Ten weeks ago, San Francisco Symphony principal oboeist Bill Bennett suddenly collapsed of a stroke - not only in mid-performance, but while playing the solo part of a concerto. I wasn't at that concert, but I mentioned it here at the time, as it was a major loss to the symphony - he was one of their best players.
Bennett died a week later without, I believe, regaining consciousness. The SFS community has been in mourning ever since, and one thing they did was schedule a free public memorial event at Davies this afternoon. I decided to go. I hadn't known him personally, but I wanted to honor his music-making.
Several friends, family members (both of his sisters, one of his sons), and symphony colleagues spoke. This is the first time I've ever heard MTT speak, either live or recorded, where he didn't seem to be on stage (although he literally was on stage, if you take my meaning). As usually happens at such events, the varied descriptions gave a lively sense of personality. The most amusing anecdote came from a friend. Bennett's wife is a doctor, and apparently Bennett got a little tired of meeting other doctors in his social life who, on learning that he was a musician, would introduce themselves by saying, "I'm a doctor, but my real passion is for music." Bennett took to pre-emptively introducing himself by saying, "I'm a musician, but my real passion is for neurosurgery."

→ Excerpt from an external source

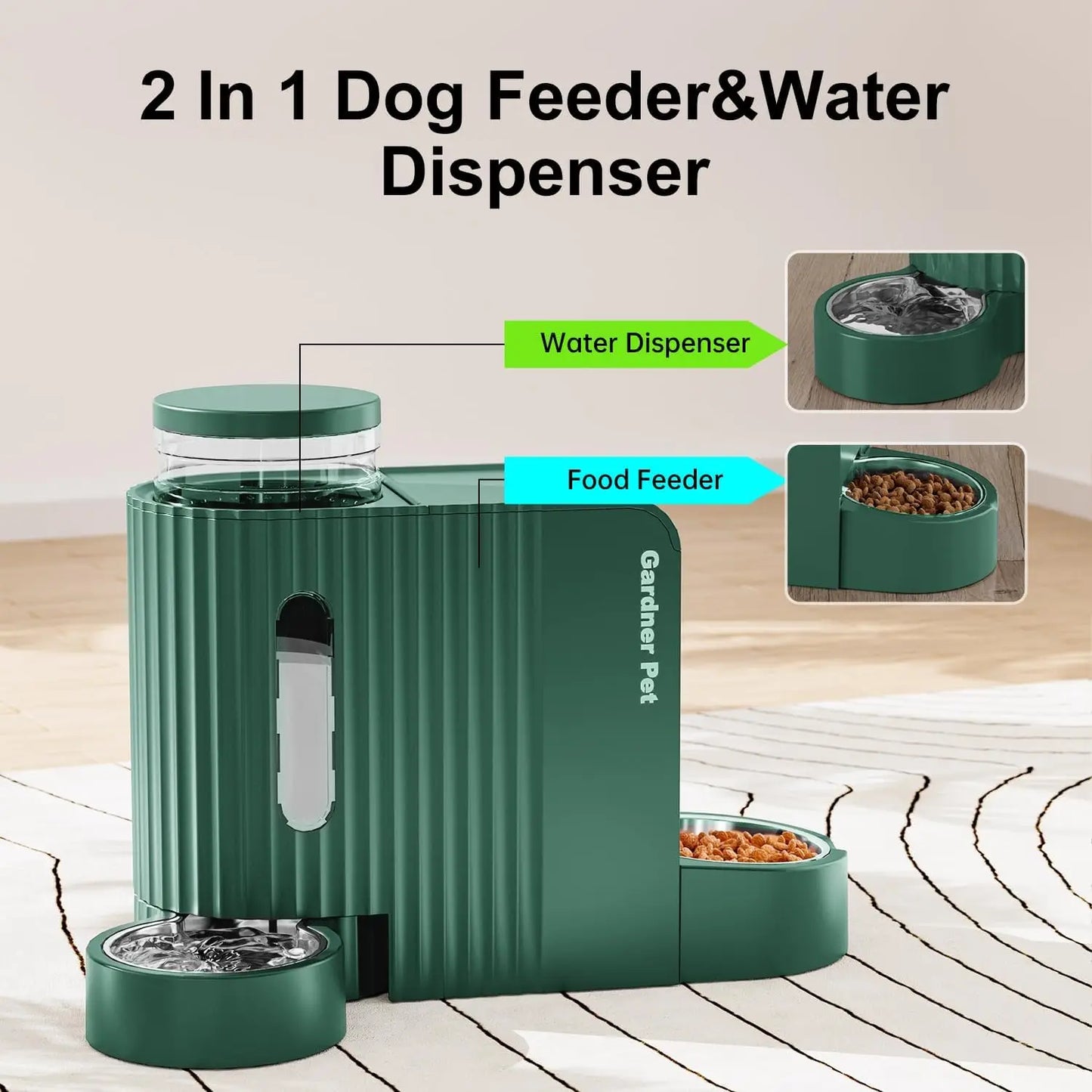 Automatic Gravity Pet Feeder and Water Dispenser BPA Free Bowl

There was one of those video programs made of home movies, which emphasized Bennett's goofy side - he was capable of playing the oboe in the water, while shaving, or even while brushing his teeth.
And some other colleagues played a little music between the spoken reminiscences. Nothing with oboe, of course, but we did have kindly renditions of the slow movements from Mendelssohn's D-minor piano trio and Mozart's clarinet quintet, and brass quintet arrangements of Praetorius's Es ist ein Ros entsprungen and the Brahms chorale prelude on the same theme.
As the audience left, we were all handed courtesy copies of a private CD, not for sale, collecting the stage tapes of three of Bennett's concerto performances with SFS: the Mozart concerto, with MTT, from 1995; an oboe-and-violin version of the Bach keyboard concerto, BWV 1060, from one of Barantschik's 18th-century concerts, from 2007; and the Richard Strauss concerto, the very one he was playing when he collapsed, from the previous night's performance of the same program. A bit of a chilling thought, but listen to the performance, which I've just done, and it's wonderfully fluent. You never would guess.